TATIANA FARACHE
Cenário de Anderson Dias para a peça Ifigênia em Áulis. |
Um dia nasceu da terra. Um dia despertou do sono das coisas plantadas. Um dia abriu suas janelas e ainda com areia entre os dedos lavou o rosto. Um dia foi lhe apresentado, com honras, o invisível. Um dia entendeu o que sobra dele e nesse exato momento fez poesia.
Poesia de coisa, poesia que dispensa palavra e dança com as rimas do espaço. Que faz matéria bruta das figuras de linguagem: brinca de metáfora, quando pinga aço dizendo em letras pequenas que é papel, respira metonímia dizendo às porcas e aos parafusos que juntos são homens. Já as hipérboles desfilam, em passos pequenos , estranhamente delicadas, são flores espalhadas pelo palco que quase flutuam, tão pequenas e de sentido tão grande.
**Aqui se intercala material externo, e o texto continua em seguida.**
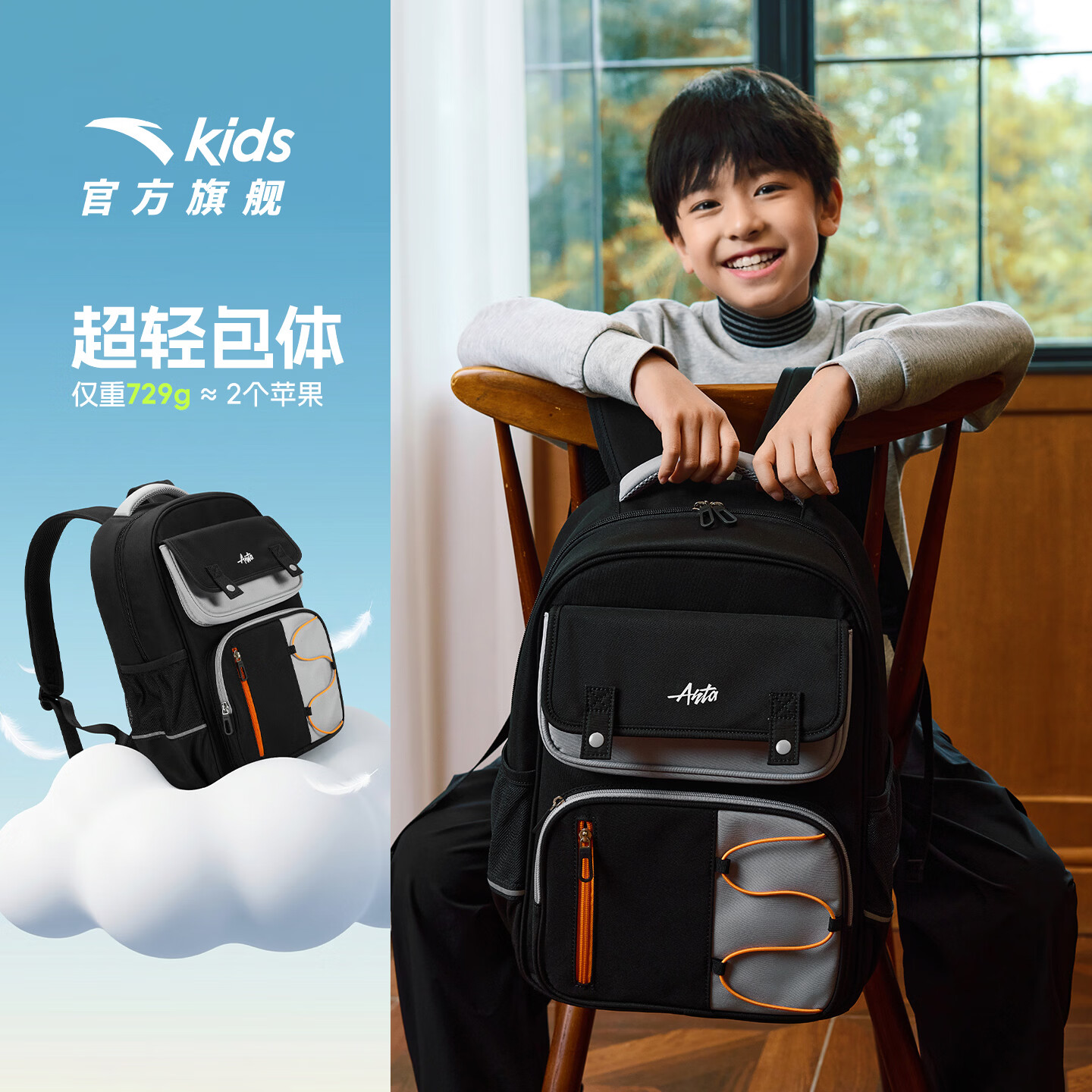 安踏儿童书包男童双肩背包2026秋季飞鱼Lite大容量小学生1-3年级减负 黑色/灰色-2 均码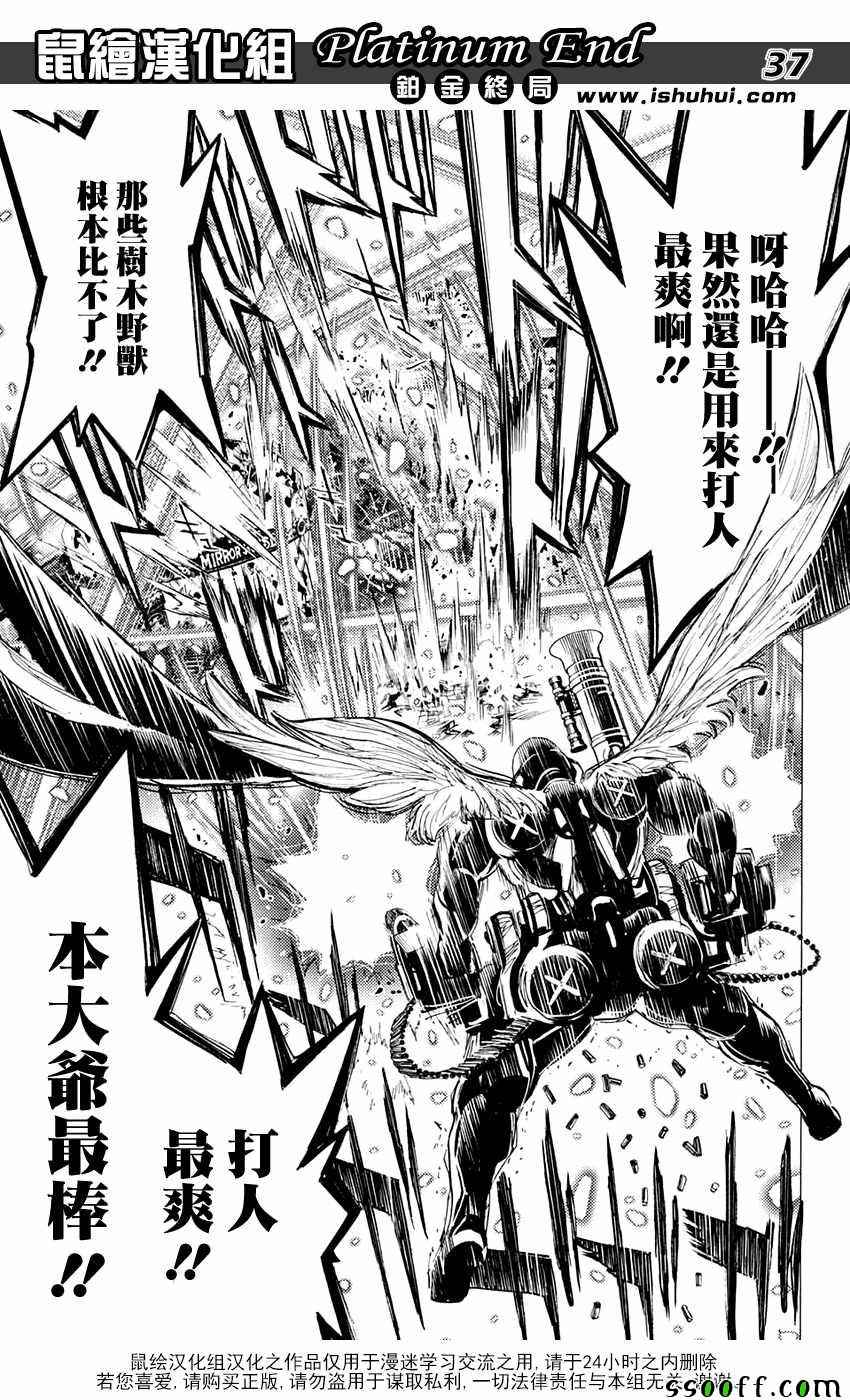 《白金终局》第18话 第36页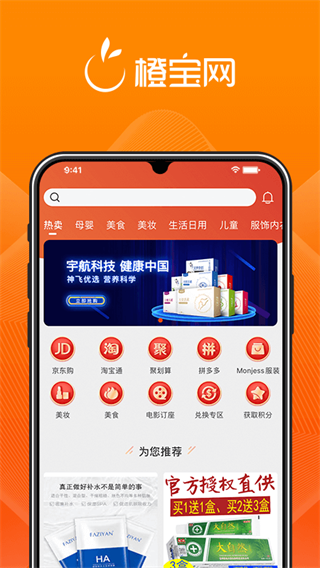 橙寶網APP官方版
Estes são os versos do artista e cenógrafo Anderson Dias, todos eles recitados em silêncio, todos compreendendo o vazio e sua capacidade de preencher espaços. É o artista pensando o espaço cênico, criando volumes, experimentando texturas, pincelando cores nos lugares certos. É o cenógrafo pensando arte, dando ossos ás carnes, estruturas para as coisas serem o que devem ser. Portas , janelas, varandas, geladeiras e se necessário até a corda para o enforcado que volta e meia aparece em roteiros trágicos.
Os cenários de Anderson são discursos sem palavras. Linguagem muda. Conta a história nos detalhes. Não são apenas lugares hipotéticos onde a cena se passa, ele é a cena. Faz parte dela do início ao fim, é ativo, transpirante, se necessário se despedaça e renasce a cada espetáculo ou então, permanece perene se assim o dialogo estabelece.
Poeta que um dia nasceu artista e que no outro despertou cenógrafo, Anderson Dias guarda as qualidades de todos esses delicados e transformadores fazeres.